**Goal of the exercise**
Set down the data below exactly; pictures stay out.

**Data listing**
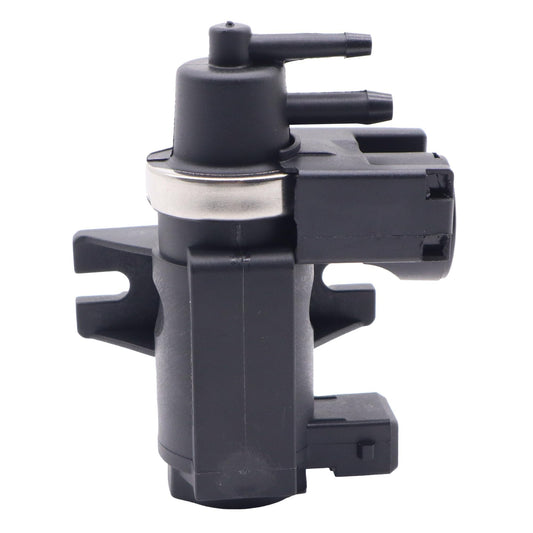 HiSport BC3Z9E882A Turbo Wastegate Solenoid Vacuum Valve Compatible with Ford F-250 F-350 F-450 F250 F350 F450 Super Duty 2011 2012 2013 2014 2015 2016 6.7L Powerstroke Diesel Replace BC3Z-9E882-A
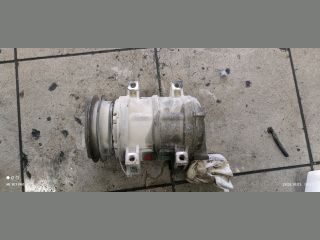 bontott MITSUBISHI L 200 Klímakompresszor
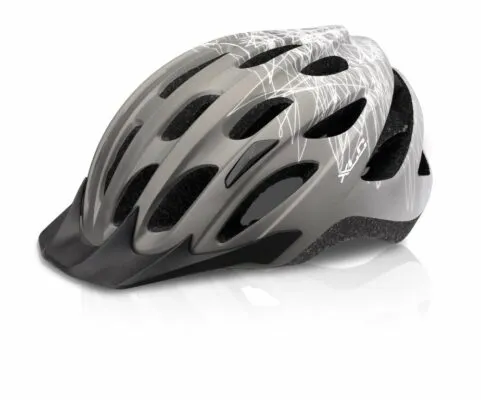 Casca de protectie XLC BH-C20 S/M anthracite Scratch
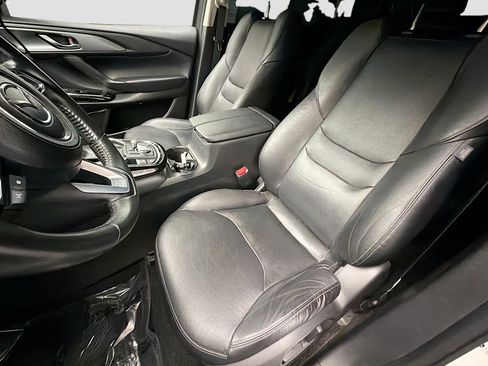 Used 2021 MAZDA CX-9 Touring w/ Touring Premium Package image 11
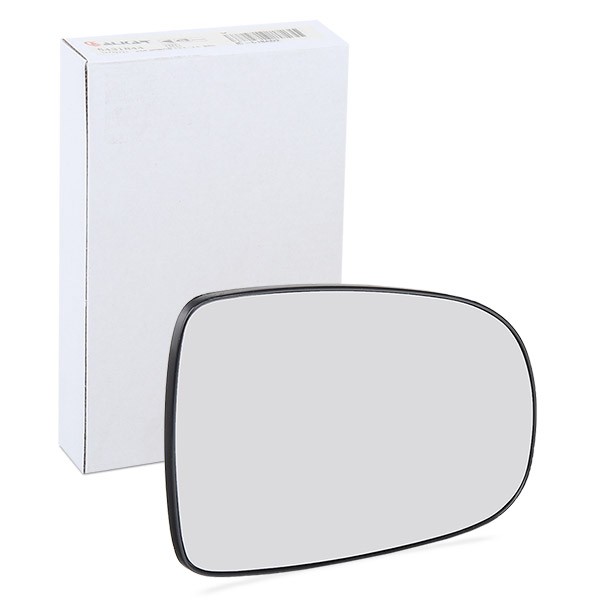Image of BLIC Vetro Specchio Retrovisore OPEL 6102-02-1292229P 1426526,1426826 Vetro Specchietto,Vetro specchio, Specchio esterno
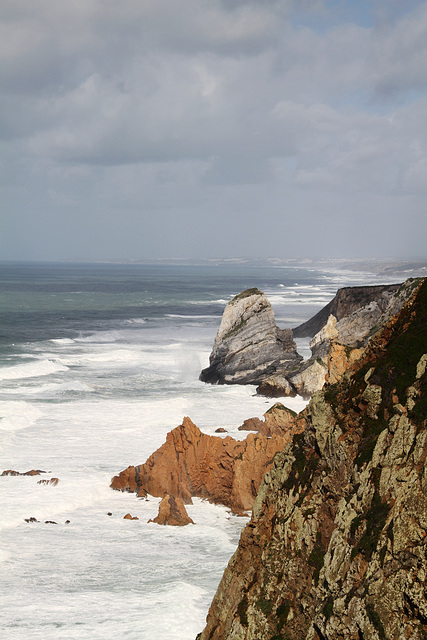 Cabo Da Roca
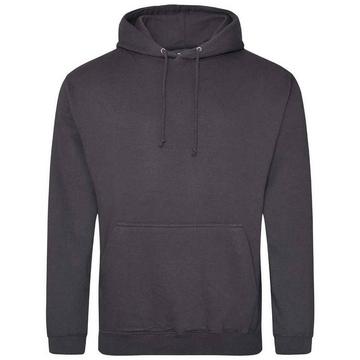 College Kapuzenpullover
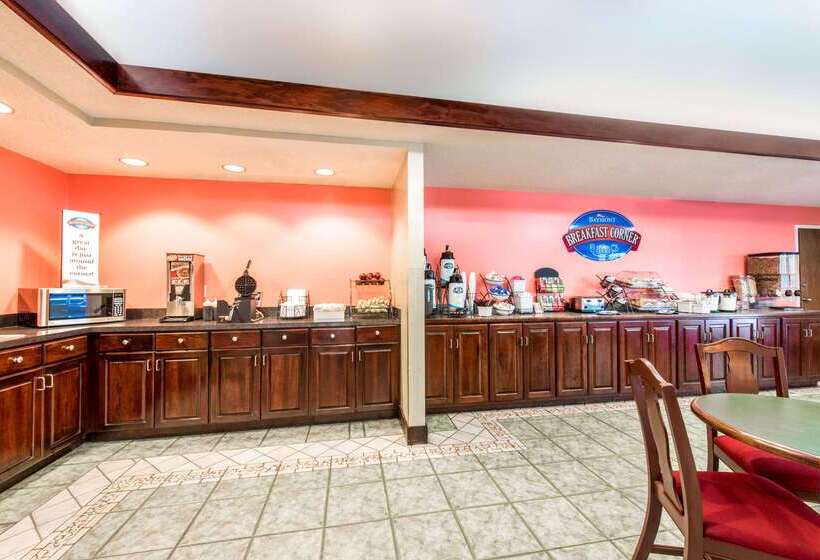 فندق Baymont By Wyndham Mcdonough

**Reply**
 HiSport BC3Z9E882A Turbo Wastegate Solenoid Vacuum Valve Compatible with Ford F-250 F-350 F-450 F250 F350 F450 Super Duty 2011 2012 2013 2014 2015 2016 6.7L Powerstroke Diesel Replace BC3Z-9E882-A
 bontott MITSUBISHI L 200 Klímakompresszor
 Casca de protectie XLC BH-C20 S/M anthracite Scratch
 Used 2021 MAZDA CX-9 Touring w/ Touring Premium Package image 11
Image of BLIC Vetro Specchio Retrovisore OPEL 6102-02-1292229P 1426526,1426826 Vetro Specchietto,Vetro specchio, Specchio esterno
 Cabo Da Roca
 College Kapuzenpullover
 فندق Baymont By Wyndham Mcdonough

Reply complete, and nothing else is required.